French prosecutors are set to shelve an inquiry into accusations of group rape by former IMF chief Dominique Strauss-Kahn and three friends after a crucial witness retracted her allegations, according to an unsourced report by newspaper Le Figaro.
The inquiry was opened in May as part of an investigation into Strauss-Kahn's ties to a suspected prostitution ring in the northern city of Lille. It focused on allegations by a prostitute, denied by Strauss-Kahn, that the former IMF chief and friends forced her to have sex in a group in Washington in December 2010.
According to a report posted on Le Figaro's website on Saturday, the woman has since retracted her deposition in a letter sent to judicial police, saying that in fact the sex was consensual and that the group was playing "sexual games".
"The investigators, who believe they have gone as far as they can with their inquiries, have sent the file back to the prosecutors and a shelving of the inquiry will follow," the report said.

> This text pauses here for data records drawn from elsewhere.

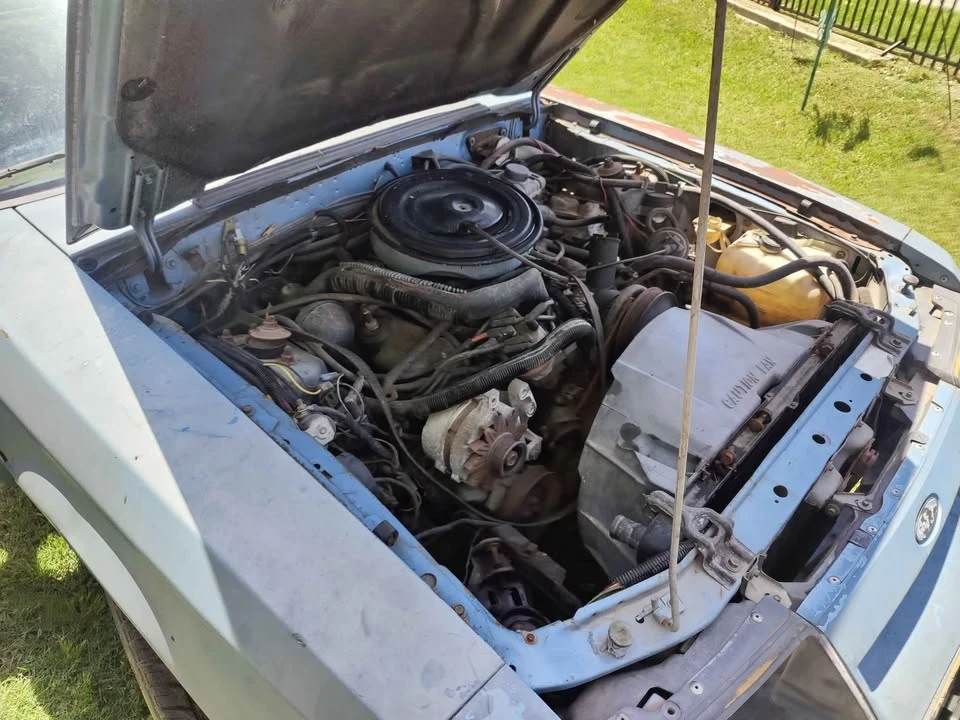 1985 Ford Mustang 3rd Gen - Image 6 of 9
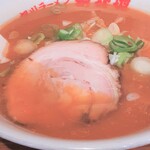 旭川ラーメン番外地 - 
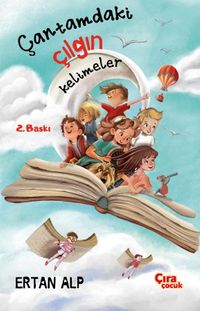 Çantamdaki Çılgın Kelimeler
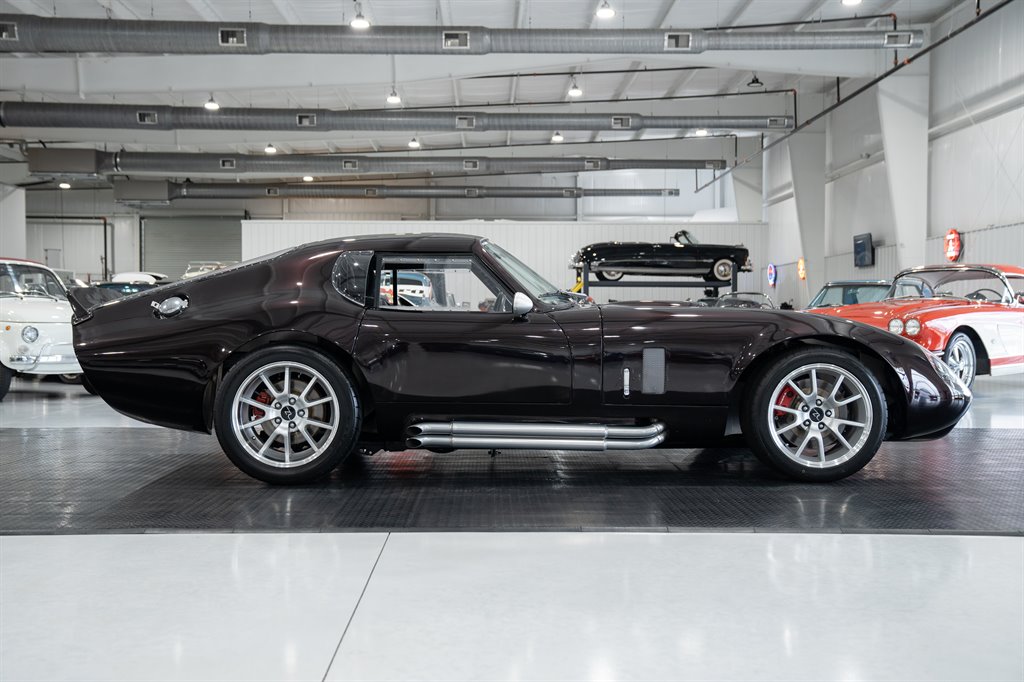 1965 Factory Five Type 65 11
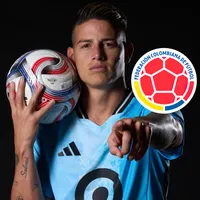 James Rodríguez ni debuta en Minnesota y ya tiene un grave problema y un "feo" apodo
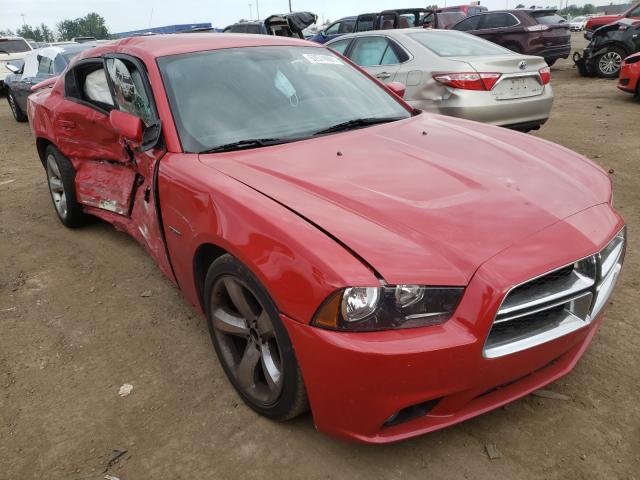 DODGE CHARGER R/ 2012 2c3cdxct9ch303248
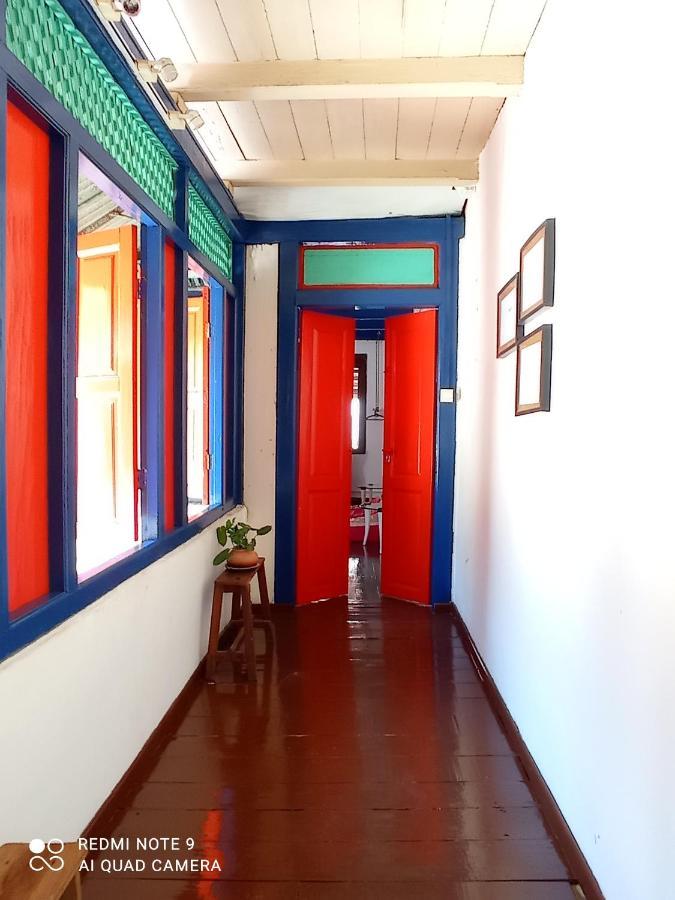 Joti'S Oasis Chinatown Villa Malacca Eksteriør bilde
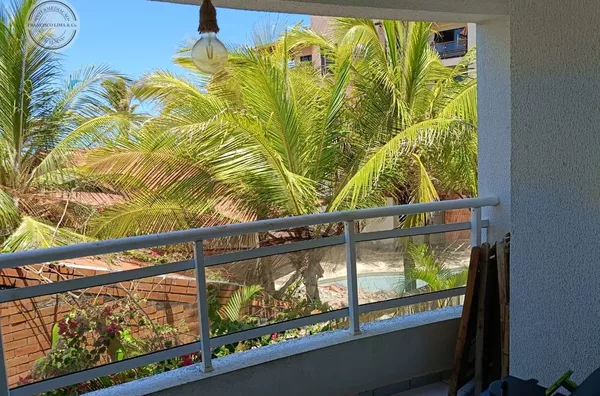 Apartamento para venda, 2 quarto(s), Cumbuco, Caucaia - Foto 22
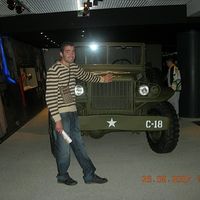 Christophe Le Vacon's Photo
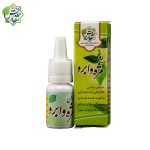 روغن مژه و ابرو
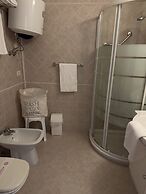 Nauthotel Porto San Vito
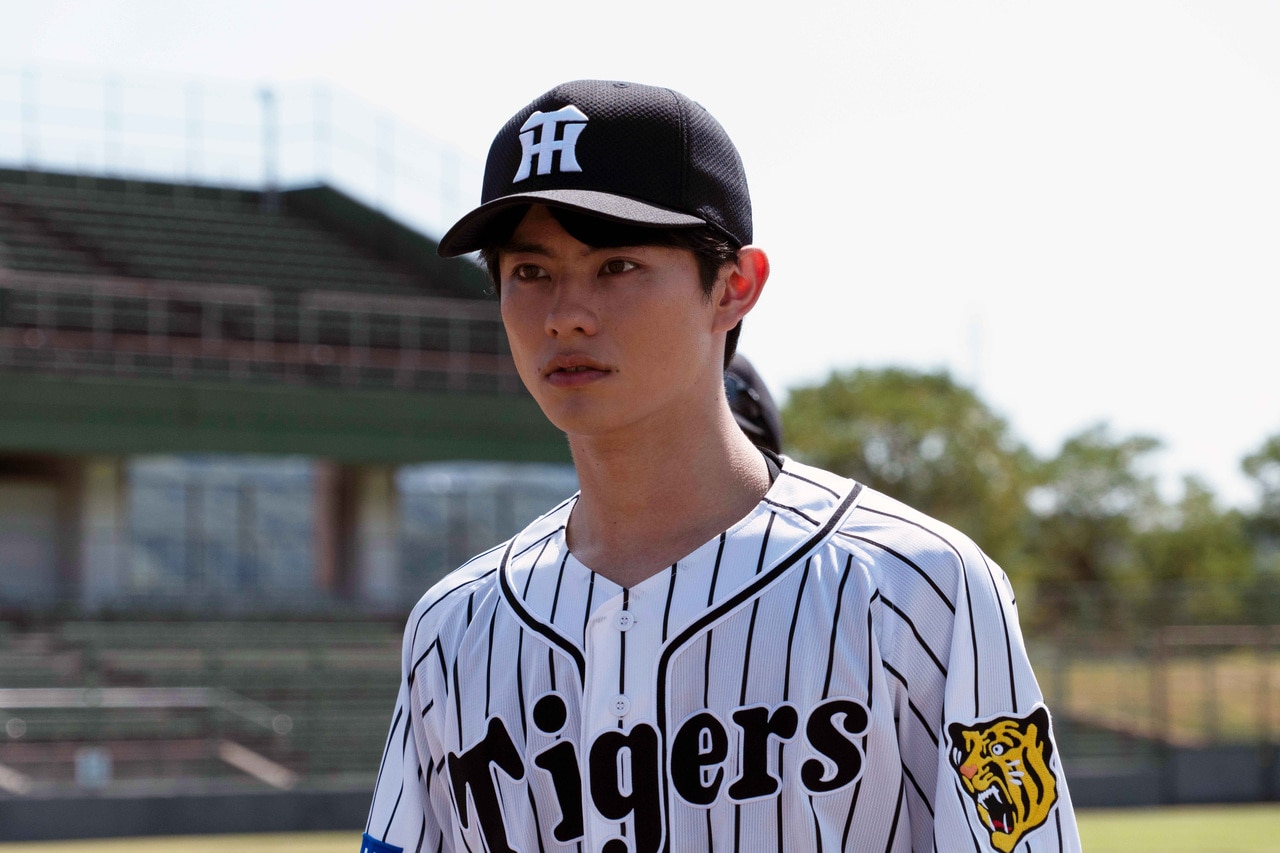 ©2025「栄光のバックホーム」製作委員会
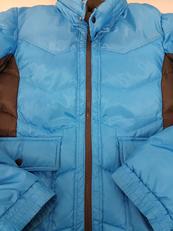 ダウンジャケット|TK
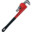 Pipe Wrench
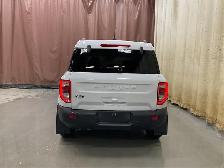 2026 FORD Bronco Sport Big bend - Photo 5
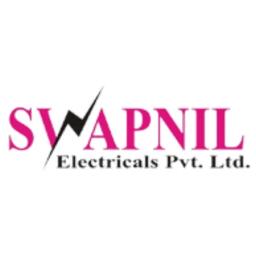 Swapnil official logo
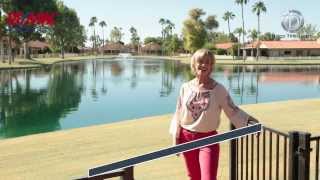 preview picture of video 'Sun Lakes Palo Verde - 10629 E Minnesota Ave - Sold by Amy Jones Group'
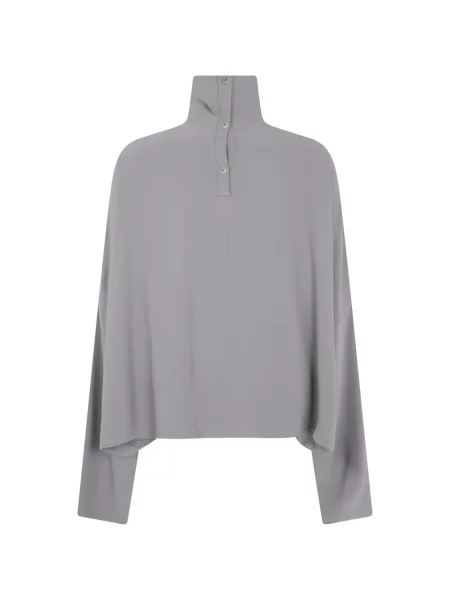 Lung top Rick Owens gri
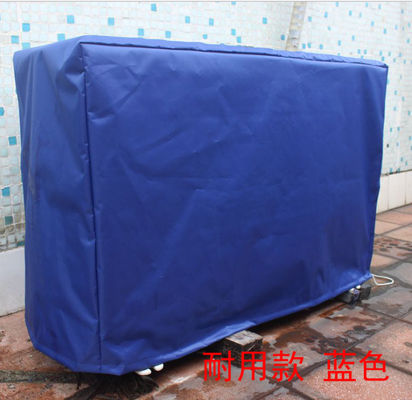 420D Bảo hiểm nhiệt Cooler Cover TPU phủ nhiều màu sắc có sẵn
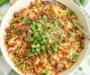 The BEST Egg Roll in a Bowl Recipe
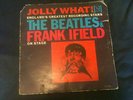 -THE BEATLES & FRANK IFIELD- JOLLY WHAT -VEE JAY RECORDS-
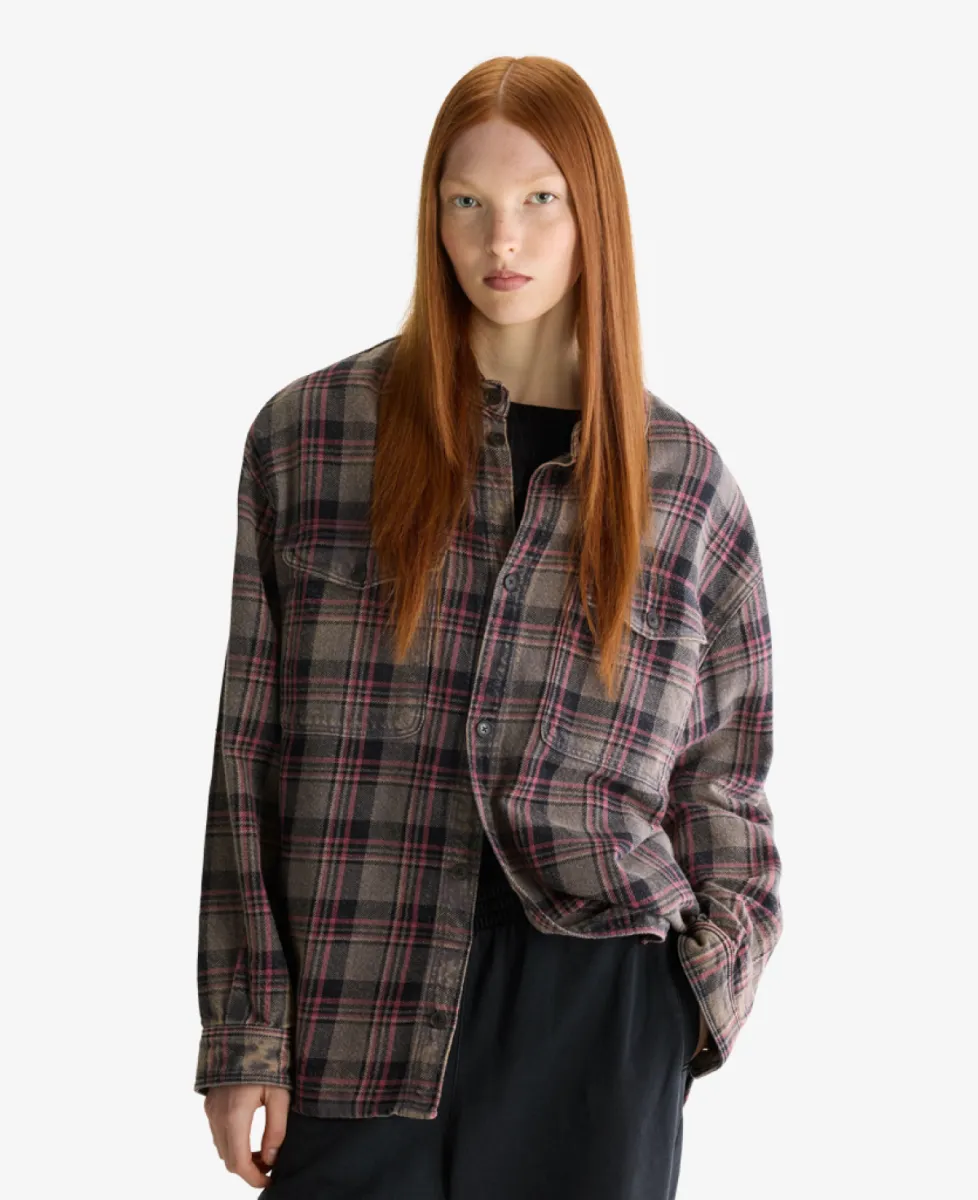 Bellerose Blouse - C1429 3 Bellerose Bellerose Blouse - C1429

Court officials could not immediately be reached for comment.
Strauss-Kahn, once tipped to win power in France's 2012 presidential race, quit the International Monetary Fund after he was arrested in New York in May 2011, accused of attempting to rape hotel maid.
He has always insisted the encounter was consensual, and the charges were later dropped amid doubts over his accuser's credibility, but his career and marriage failed to recover.